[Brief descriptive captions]
####
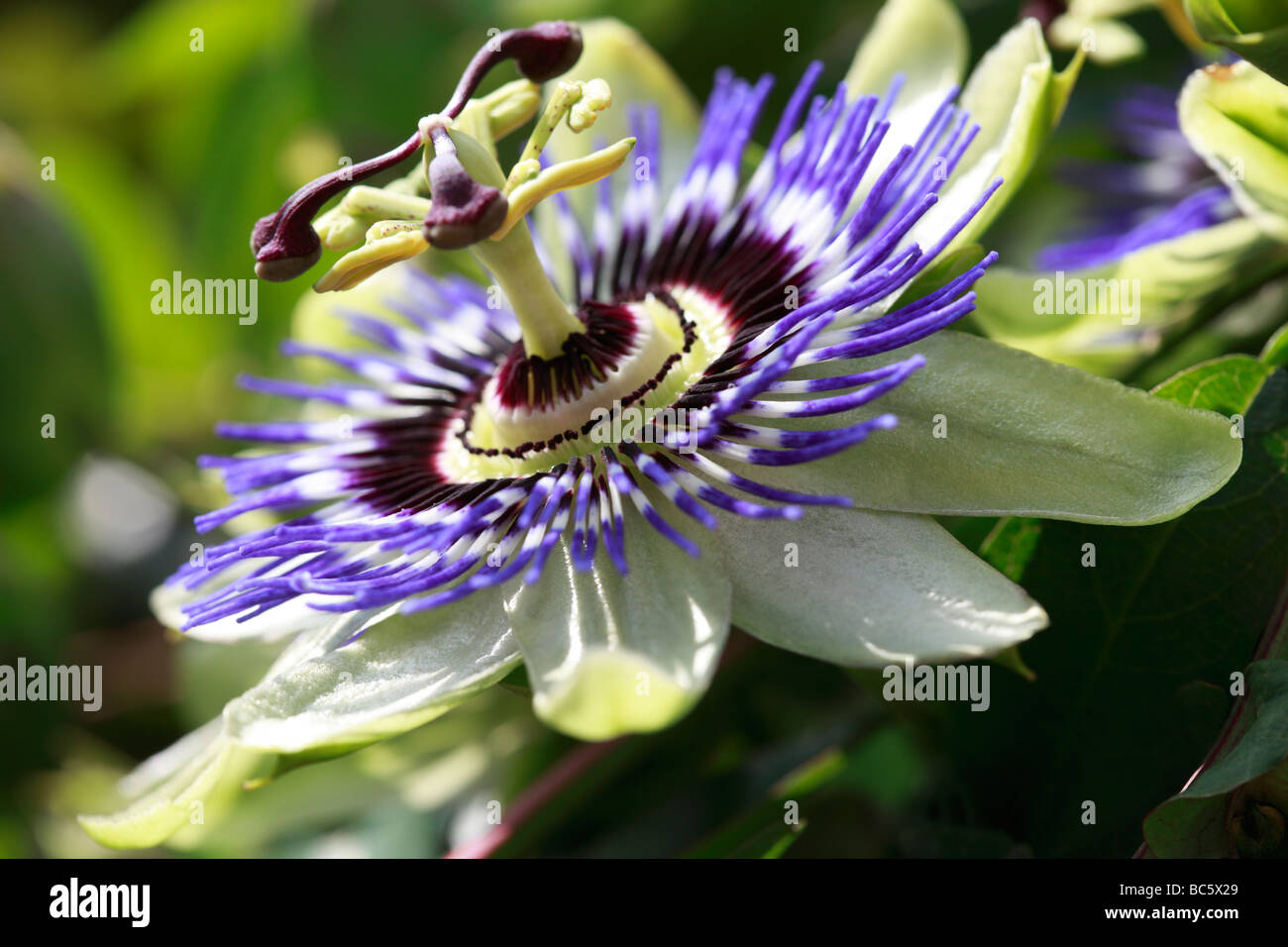 Passion Flower - Passiflora caerulea Stock Photo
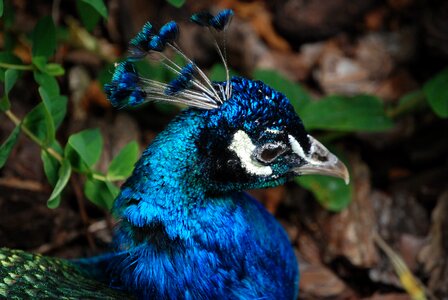 Bird elegance feathers photo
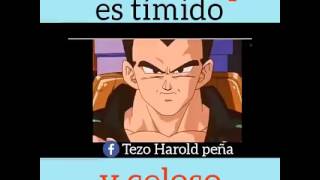 Celos Nivel Vegeta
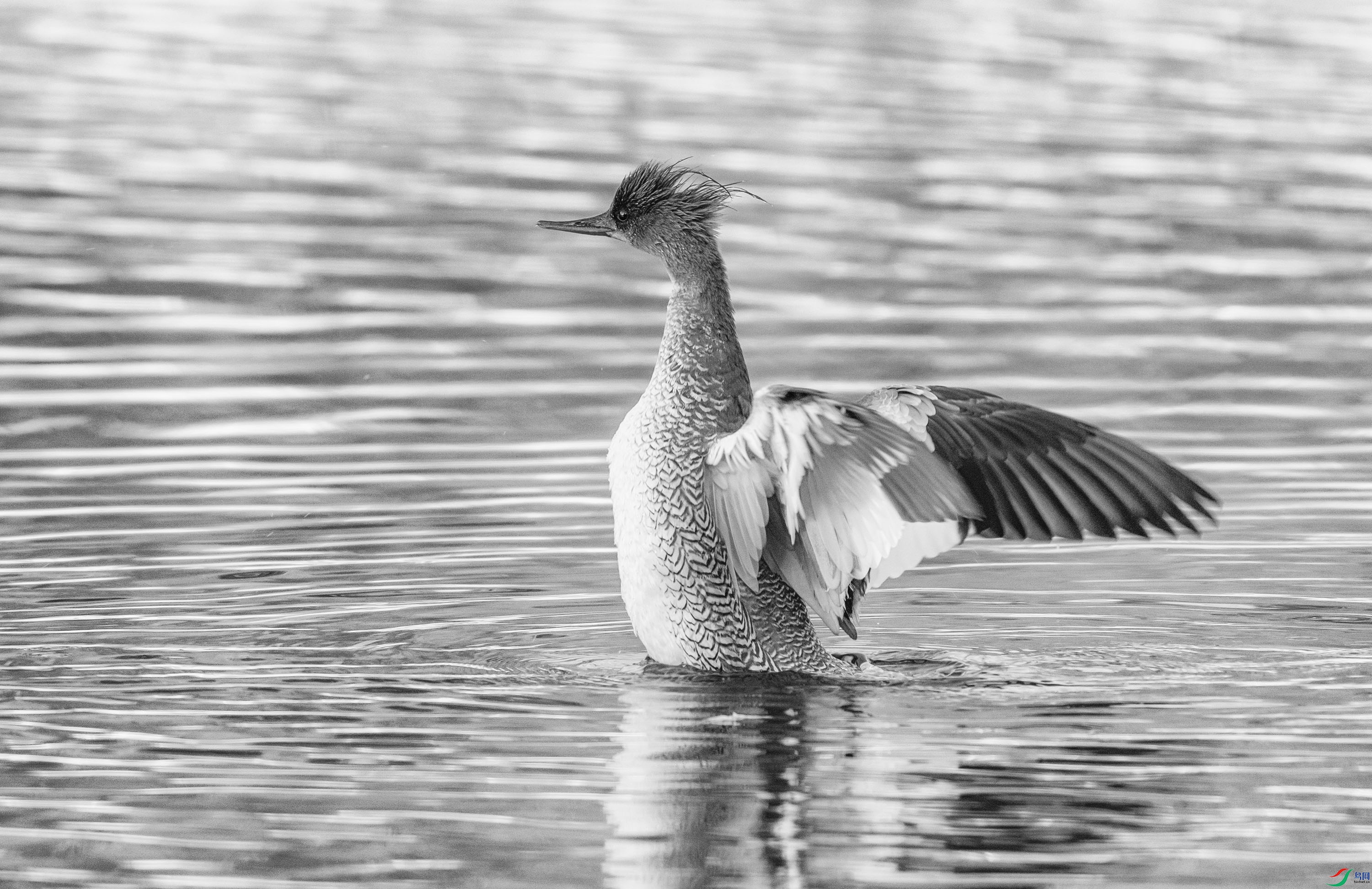 DSC04309 ����.jpg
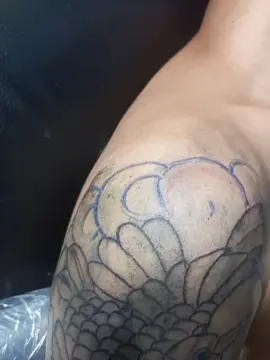 freehand #tommytattoart #fyppppppppppppppppppppppp #tattoar #tattoo #tatto 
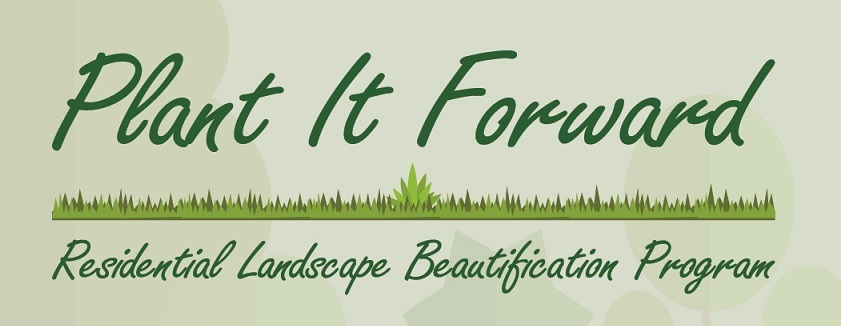 Plant It Forward: The City of Sunrise Residential Landscape Beautification Program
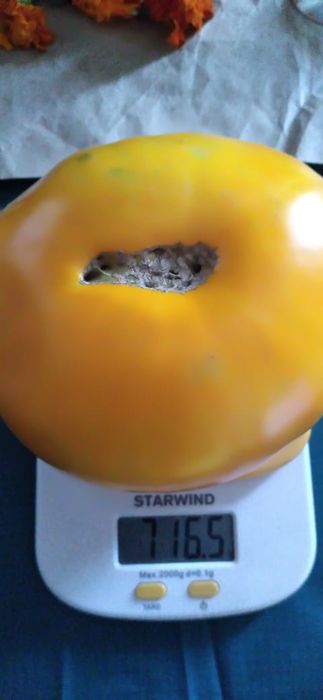 СЕМЕНА  томатов,  сорта разные(не гибриды)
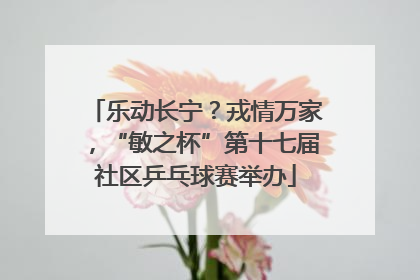 乐动长宁？戎情万家，“敏之杯”第十七届社区乒乓球赛举办
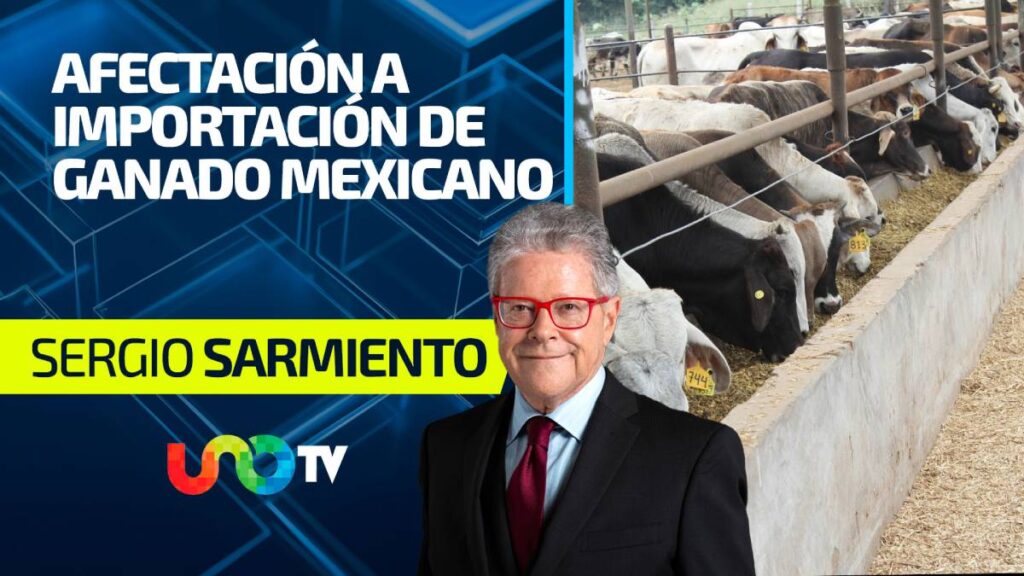 Afectación a la importación de ganado mexicano a EE.UU.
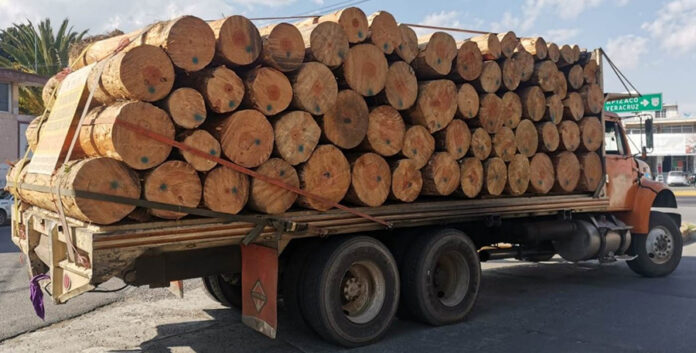 SSC Aseguró Dos Tractocamiones con Material Forestal - AlternativaTlx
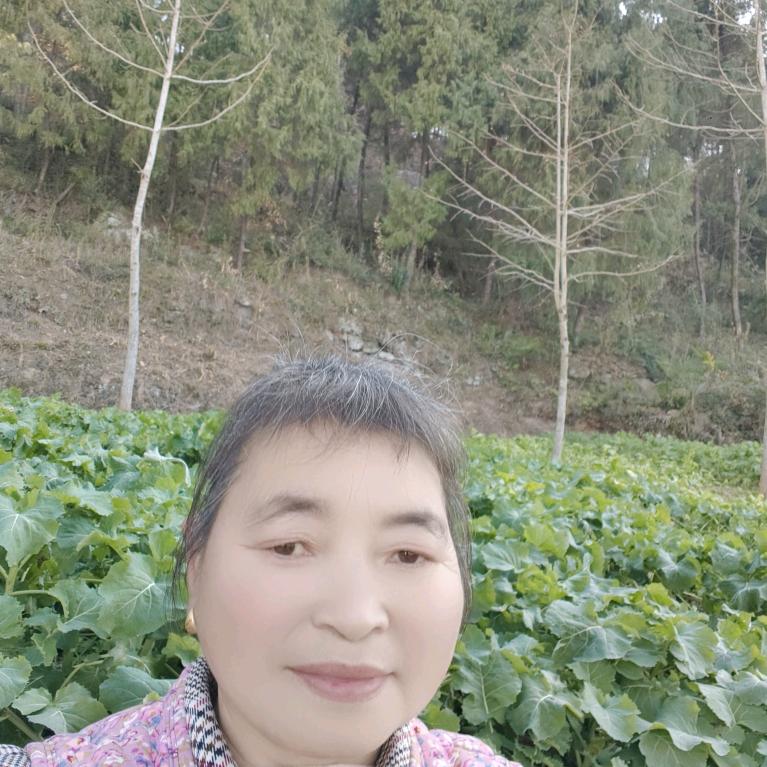 翠翠姐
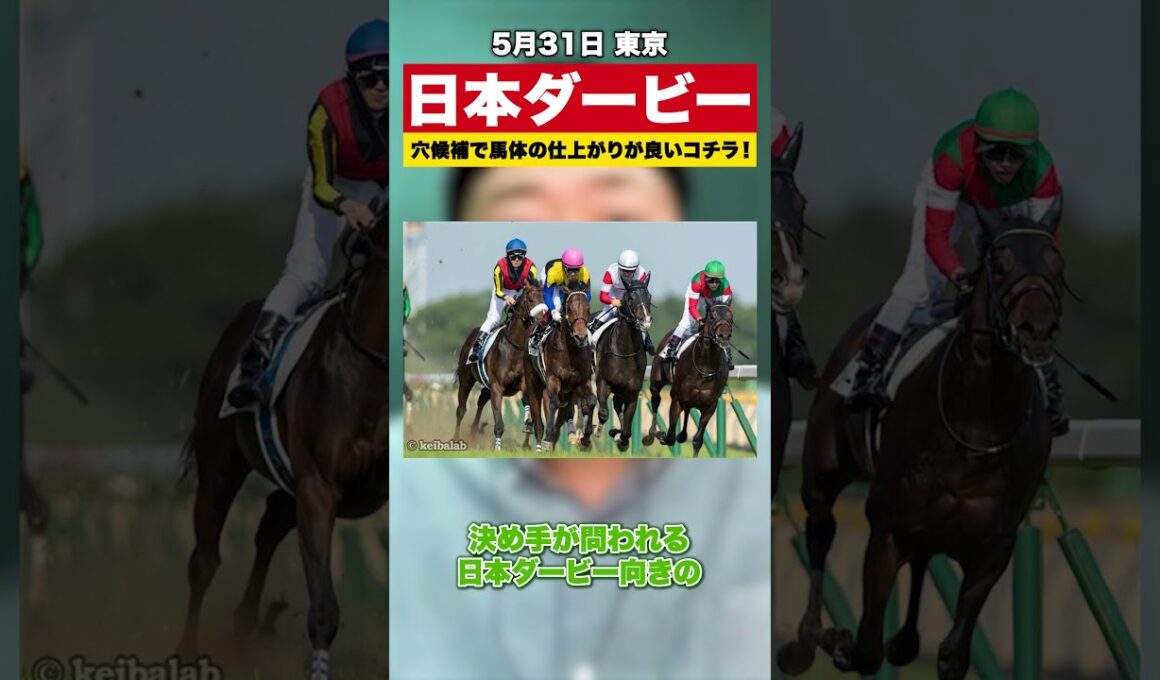 【日本ダービー2026】レース適性◎『斜尻』で瞬発力型の馬を穴候補でオススメ【スポナビ競馬】
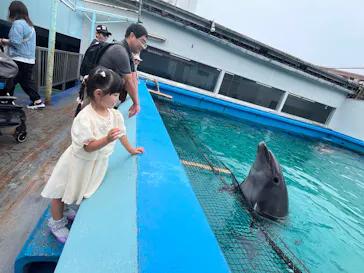 ゼロ距離水族館 伊勢シーパラダイスに投稿された画像（2026/7/1）
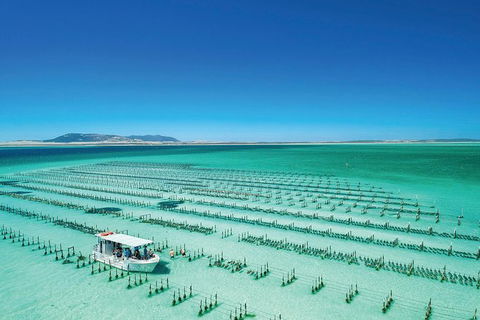 Coffin Bay Day Tour - A Taste Of Coffin Bay - Maitland Accommodation 0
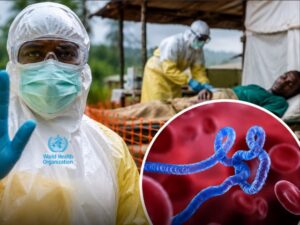 El director general de la Organización Mundial de la Salud (OMS), Tedros Adhanom Ghebreyesus, advirtió sobre “la amplitud y la rapidez” del brote de ébola que afecta a la República Democrática del Congo (RDC)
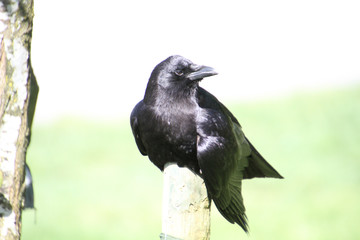 A close up of a crow sunning on a post
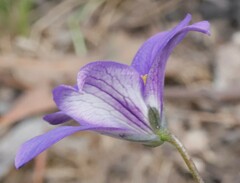 Cheiranthera linearis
####
[What to do] Could you write out the records again exactly, omitting each image?

[Result]
 Passion Flower - Passiflora caerulea Stock Photo
 Bird elegance feathers photo
 Celos Nivel Vegeta
 DSC04309 ����.jpg
 freehand #tommytattoart #fyppppppppppppppppppppppp #tattoar #tattoo #tatto 
 Plant It Forward: The City of Sunrise Residential Landscape Beautification Program
 СЕМЕНА  томатов,  сорта разные(не гибриды)
 乐动长宁？戎情万家，“敏之杯”第十七届社区乒乓球赛举办
 Afectación a la importación de ganado mexicano a EE.UU.
 SSC Aseguró Dos Tractocamiones con Material Forestal - AlternativaTlx
 翠翠姐
 【日本ダービー2026】レース適性◎『斜尻』で瞬発力型の馬を穴候補でオススメ【スポナビ競馬】
 ゼロ距離水族館 伊勢シーパラダイスに投稿された画像（2026/7/1）
 Coffin Bay Day Tour - A Taste Of Coffin Bay - Maitland Accommodation 0
 El director general de la Organización Mundial de la Salud (OMS), Tedros Adhanom Ghebreyesus, advirtió sobre “la amplitud y la rapidez” del brote de ébola que afecta a la República Democrática del Congo (RDC)
 A close up of a crow sunning on a post
 Cheiranthera linearis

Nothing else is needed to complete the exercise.